Content starts

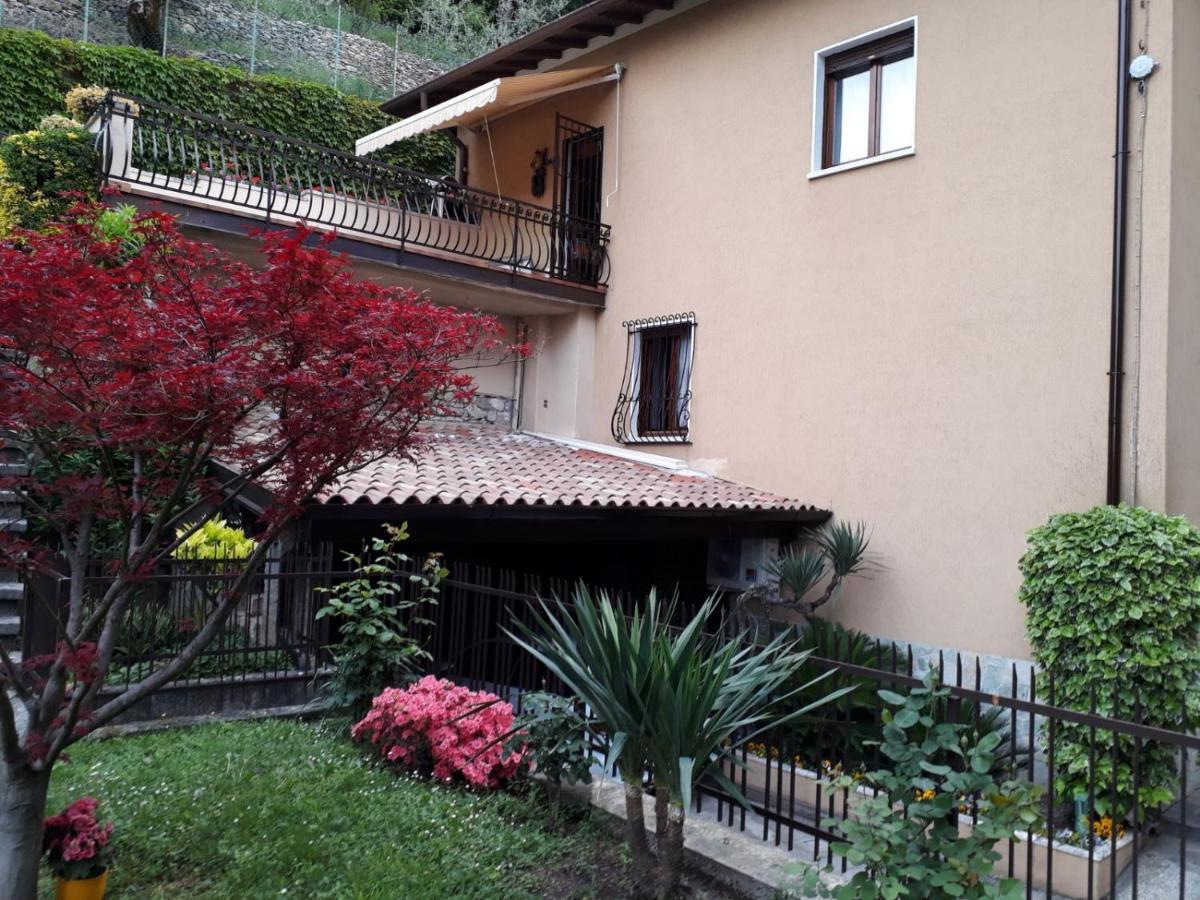 Giardino Dei Limoni Villa Toscolano-Maderno Kültér fotó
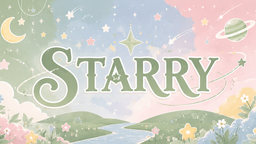 โโบโ StarryMC Discord Server Banner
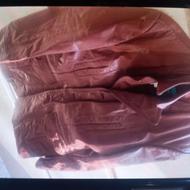 کاپشن چرم طبیعی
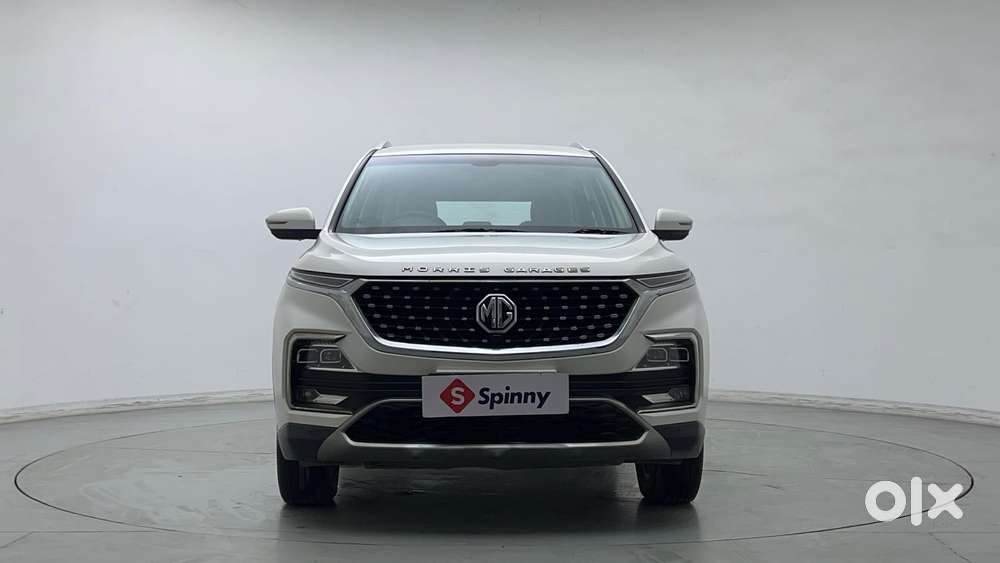 Mg Hector Super Petrol Mt, 2021, Petrol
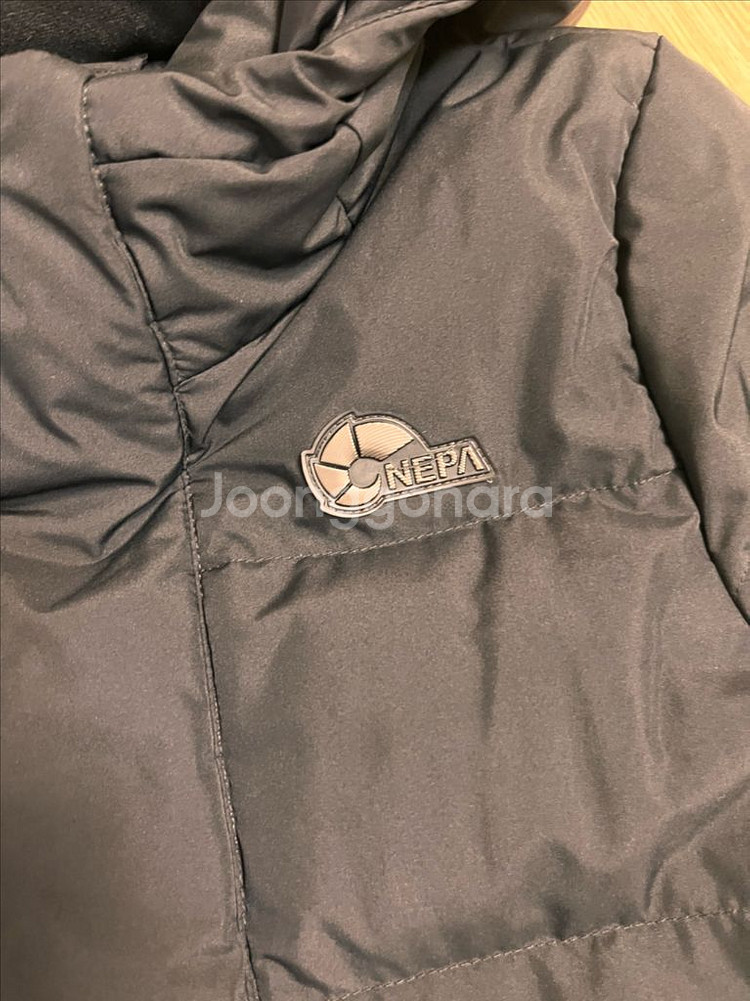 네파 키즈 패딩 120사이즈--2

Content ends

### Work order
Pictures are not part of the copy. Reproduce the lines from the one with "โโบโ StarryMC Discord Server Banner" through the end of the listing above.

### Solution to this problem
 โโบโ StarryMC Discord Server Banner
 کاپشن چرم طبیعی
 Mg Hector Super Petrol Mt, 2021, Petrol
 네파 키즈 패딩 120사이즈--2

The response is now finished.